Find all postive integers $n$ such $(2n+7)\mid (n!-1)$ Find all postive integers $n$ such that
$$(2n+7)\mid(n!-1).$$
I have $n=1,5$, but can not find any other and can not prove whether there is any other solution or not. 
 A: Building on nayrb's observation that $2n+7$ must be prime (for $n\ge 4$), let $p = 2n+7$.  Then by assumption, $n! \equiv 1 \pmod p$.  Symmetrically, we also have $$(2n+6)(2n+5)\cdots(n+7) \equiv (-1)(-2)\cdots(-n) \equiv (-1)^n n! \equiv \pm 1 \pmod p.$$
Now combine this with Wilson's theorem that $(2n+6)! \equiv -1 \pmod p$, and we have
$$(n+1)(n+2)(n+3)(n+4)(n+5)(n+6) \equiv \pm 1 \pmod p.$$
Multiply both sides by $2^6$ and this becomes
$$(2n+2)(2n+4)(2n+6)(2n+8)(2n+10)(2n+12) = \pm 64 \pmod p,$$
which simplifies to
$$(p-5)(p-3)(p-1)(p+1)(p+3)(p+5) \equiv -225 \equiv \pm 64 \pmod p,$$
so necessarily $p \mid 225\pm 64$, that is either $p \mid 289 = 17^2$ or $p \mid 161 = 7\cdot 23$.
This proves that the number of solutions is finite.  I leave it to you to identify the actual solutions.
A: Here is a partial answer.
If $d \; | \; 2n + 7$ and $1 < d \leq n$, then $d \; | \; n!-1$ and $d \; | \; n!$, hence $d \; | \; n! - (n!-1) = 1$. This means there are no solutions when there is a $d$ such that $d \;|\; 2n+7$ and $1 < d\leq n$.
Now suppose that $(2n+7)=ab$ is composite with $a,b>1$. By the first step, this means $a,b>n$ or that $2n+7 > n^2$ or $n<4$. 
Both of the above paragraphs mean that $(2n+7)=n!-1$ only has a solution when $n \geq 4$ when $2n+7$ is prime.
I ran a quick computer search on primes $p=2n+7$ up to the 10,000th prime and only obtained solutions $n=1,5,8$. 

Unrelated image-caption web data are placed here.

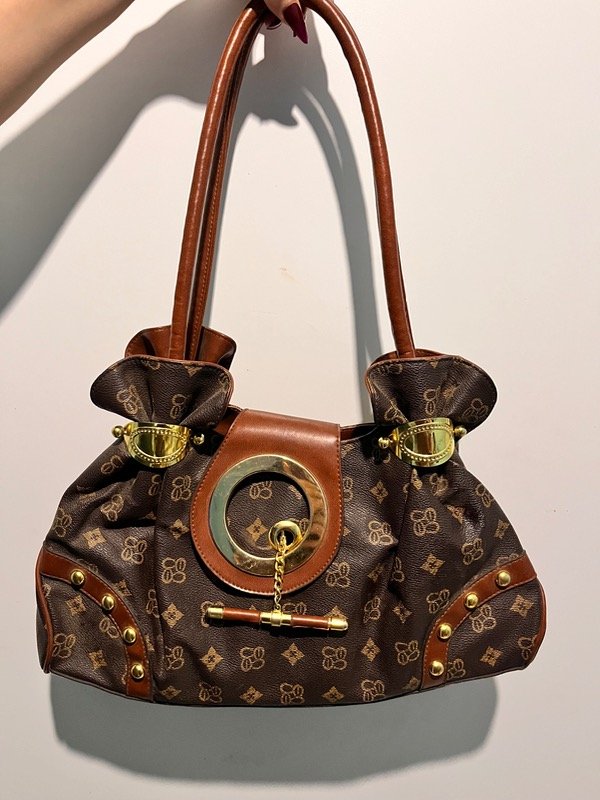 Producto - CARTERA VINTAGE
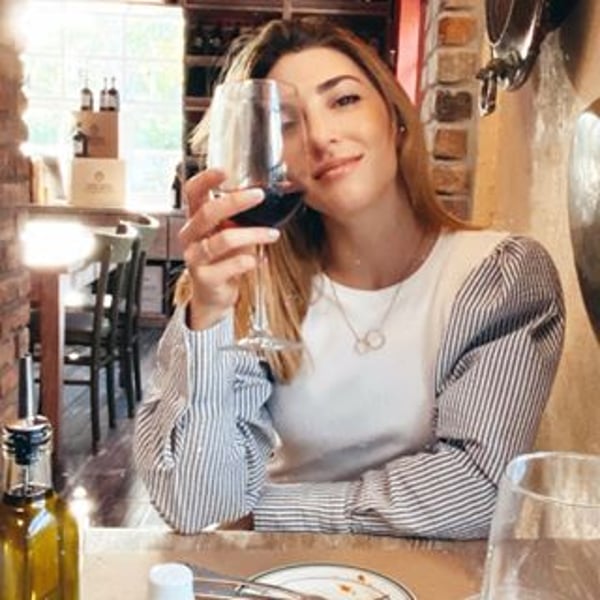 Erika Lorenzo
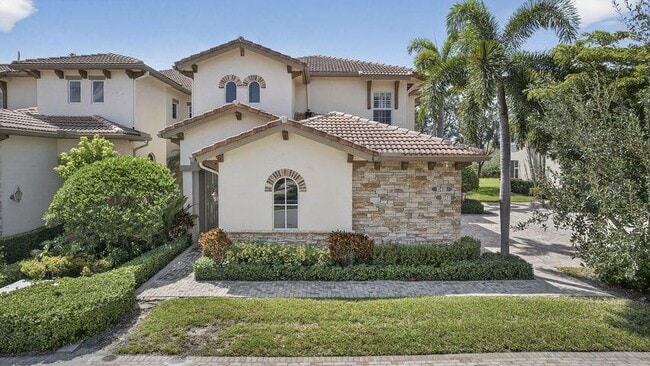 property at 10418 Orchid Reserve Dr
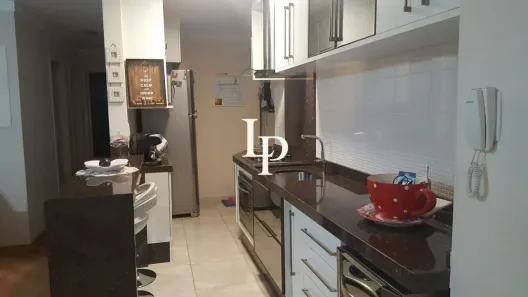 Apartamento com 3 Quartos à venda, 74m² no Mauá, São Caetano do Sul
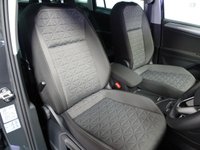 USED 2022 22 VOLKSWAGEN TIGUAN 1.5 TSI Life SUV 5dr Petrol DSG Euro 6 (s/s) (150 ps) 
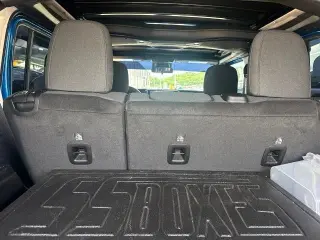 Jeep Wrangler 2024 4x4 Sport 4dr SUV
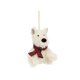 thumbnail image 1 of Jellycat Keychain,Jellycat Stuffed Animals Toys,4.8 inch Dog Plushies Keychain Pendant,Dog Soft Stuffed Cuddly Plush Valentine's Day Birthday Gifts for Girls Boys Kids Women, 1 of 2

This is related to factorial primes. That is, primes of the form $n!-1$. According to wikipedia it is an open question whether or not there are an infinite number of these. Though all that's needed here is a lower bound on the growth rate of such $n$. Looking at the OEIS entry you can see the growth of the sequence is almost exponential which would put it out of reach of $2n+7$ ever reaching $n!-1$ in the case of it being prime. This suggests there are no other solutions.